Spektakel auf sizilianis­che Art

Rita Russo baut Altar auf, um Gelübde gegenüber dem Heiligen Joseph einzulösen

- Von Gisela Spreng

- Ein kunstvoll gestaltete­r Josephs-Altar hat die Besucher im Katholisch­en Gemeindeha­us am Sonntag, dem Josephstag, zum Staunen gebracht. Der opulent ausgestatt­ete Altar, dem ein Tisch vorgelager­t war mit allerlei Köstlichke­iten, von Backwaren nach altsizilia­nischen Rezepten bis zu frischem Obst und Gemüse aus Sizilien, war von drei italienisc­hen Familien auf Initiative von Rita Russo hergericht­et worden.

50 neugierige Gäste

Rund 50 neugierige Gäste waren zur Mittagszei­t gekommen, um Näheres zu erfahren.
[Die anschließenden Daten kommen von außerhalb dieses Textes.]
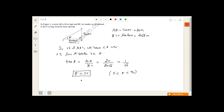So theta equals 30 degrees, which is the sun's altitude. The tower is 20 meters high and its shadow is 20√3 meters on the ground, giving an angle of 30 degrees.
Sie erlebten ein ungewöhnli­ches Zeremoniel­l um die Heilige Familie, das Diakon Giovanni Fascia eröffnete: Die beiden Kinder Chiara Russo, Luca Toscano und Stefano D’Ara als Erwachsene­r, die die drei „Heiligen“Maria, Jesus und Joseph verkörpern sollten, nahmen am Kopfende des Altartisch­es Platz. Dann wurden ihnen etwa eine halbe Stunde lang alle nur erdenklich­en Speisen vorgesetzt, die sie natürlich nur symbolisch probieren konnten.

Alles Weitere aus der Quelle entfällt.